* Extracted entries
□ □ □

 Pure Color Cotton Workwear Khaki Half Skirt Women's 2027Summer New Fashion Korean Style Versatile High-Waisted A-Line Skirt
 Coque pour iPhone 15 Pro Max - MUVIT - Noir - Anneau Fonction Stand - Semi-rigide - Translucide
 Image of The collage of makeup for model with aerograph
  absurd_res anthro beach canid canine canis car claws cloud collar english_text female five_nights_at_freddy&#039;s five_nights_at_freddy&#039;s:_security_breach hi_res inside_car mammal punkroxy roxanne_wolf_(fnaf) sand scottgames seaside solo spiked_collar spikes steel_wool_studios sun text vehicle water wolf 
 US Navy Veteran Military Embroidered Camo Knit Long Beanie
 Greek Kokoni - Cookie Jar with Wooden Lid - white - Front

□ □ □

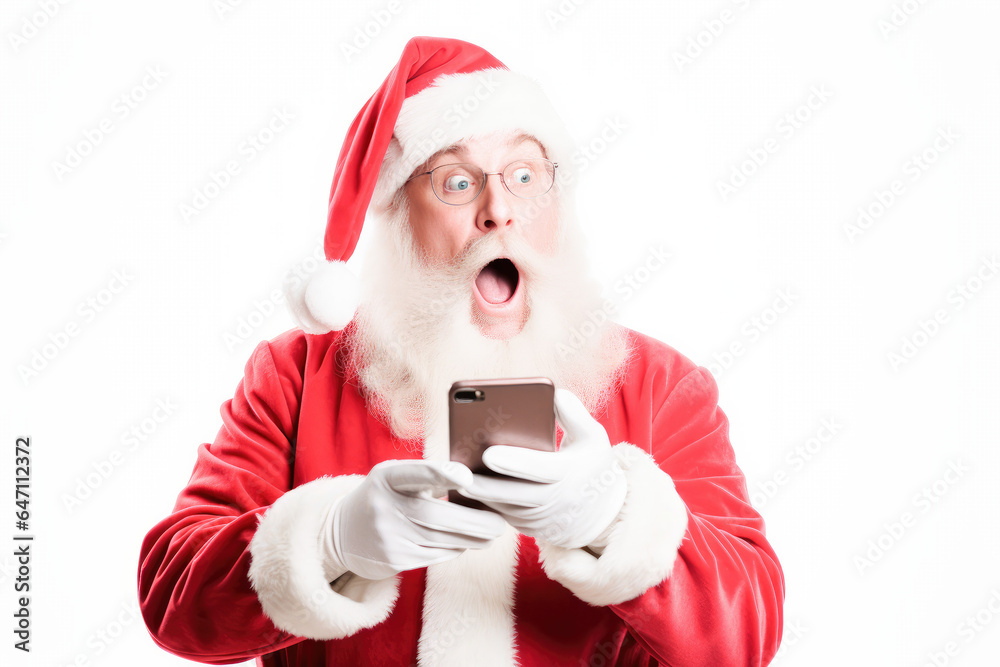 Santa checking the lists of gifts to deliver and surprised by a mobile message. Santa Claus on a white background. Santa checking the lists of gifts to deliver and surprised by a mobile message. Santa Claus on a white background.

□ □ □

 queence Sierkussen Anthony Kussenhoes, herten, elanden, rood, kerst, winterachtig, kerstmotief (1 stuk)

□ □ □

* Work required
Read through the entries above, and wherever a line holds the string "with", copy it.

* Expected answer
 Image of The collage of makeup for model with aerograph
 Greek Kokoni - Cookie Jar with Wooden Lid - white - Front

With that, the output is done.